Interaction between AMPA-glutamate and SST2-somatostatin receptors in rat mediobasal hypothalamus requires activation of NMDA and/or metabotropic glutamate receptors and depends on intracellular calcium

Stéphane Peineau1, Brigitte Potier1, Florence Petit1, Pascal Dournaud1, Jacques Epelbaum1, and R. Gardette1*

1 INSERM U549, IFR Broca Sainte Anne, 2ter rue d'Alésia, 75014 Paris, France

* To whom correspondence should be addressed. E-mail: gardette{at}broca.inserm.fr.

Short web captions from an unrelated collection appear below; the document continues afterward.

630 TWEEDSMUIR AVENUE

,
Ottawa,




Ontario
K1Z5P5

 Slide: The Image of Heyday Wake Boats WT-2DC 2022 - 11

Modulation of glutamatergic transmission by neuropeptides is an essential aspect of neuronal network activity. Activation of the hypothalamic somatostatin sst2 receptor subtype by octreotide decreases AMPA glutamate responses, indicating a central link between a neurohormonal and neuromodulatory peptide and the main hypothalamic fast excitatory neurotransmitter. In mediobasal hypothalamic slices, sst2 activation inhibits the AMPA component of glutamatergic synaptic responses but is ineffective when AMPA currents are pharmacologically isolated. In mediobasal hypothalamic cultures, the decrease of AMPA currents induced by octreotide requires a concomitant activation of sst2 receptors with either NMDA and/or metabotropic glutamate receptors. This modulation depends on changes in intracellular calcium concentration induced by calcium flux through NMDA receptors or calcium release from intracellular stores following metabotropic glutamate receptor activation. These results highlight an unusual regulatory mechanism in which the simultaneous activation of at least three different types of receptor is necessary to allow somatostatin-induced modulation of fast synaptic glutamatergic transmission in the hypothalamus.